同じカンパニーに所属しているアーティストたちはみんなSNSが大好きで、いつも何か新しいデザインや質感がつくれないかどうか探しています。そして、ショーの直前にみんなで研究して、練習して、本番を迎えます。みんなでアイデアを出し合い、いいものを出せたときの高揚感がとても刺激的です。 一見、無茶振りのようなオーダーに、チームで力を合わせて応えられたときは特にうれしいですね。

お話してきた通り、私は飛び抜けてセンスがあったり、器用だったりする人間ではありません。普通の美容室で働いていた本当に何もない自分がSABFAに入り、技術や知識を身に着け、SABFAで出会った人たちのネットワークのなかでキャリアを築くことができました。
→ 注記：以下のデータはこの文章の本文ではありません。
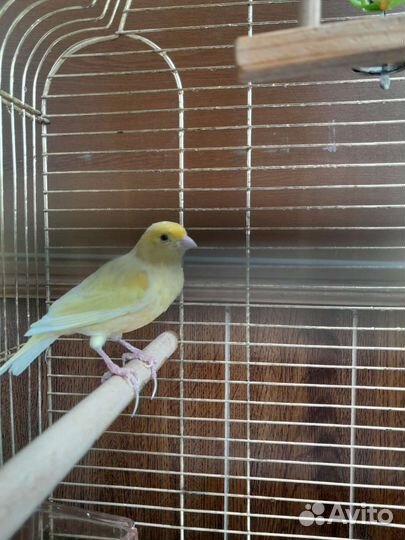 Кенор 2 года, с клеткой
だから次は私が、SABFA卒業生が海外で働きたいときに、サポートしたいと思っています。日本人のヘアメイクアップアーティストは重宝されやすいので、活躍の場を紹介することができます。助けが必要なときはぜひ声をかけていただきたいです。

座右の銘「笑顔は世界の共通言語」

どこに行ってもまず自分から笑顔で挨拶することを心掛けています。英語がまともに話せないときも、笑顔で挨拶したら相手も笑顔で返してくれるものです。ブスっとしていたらそれなりの反応になると思うんですよね。

自分から挨拶することは緊張しますし、「相手に無視されたらどうしよう」と今も思うことがあるんですけれど、自分から挨拶すれば何かしらのリアクションをもらえます。言葉を満足に話せなくても、笑顔が人間関係をつくってくれるんですよ。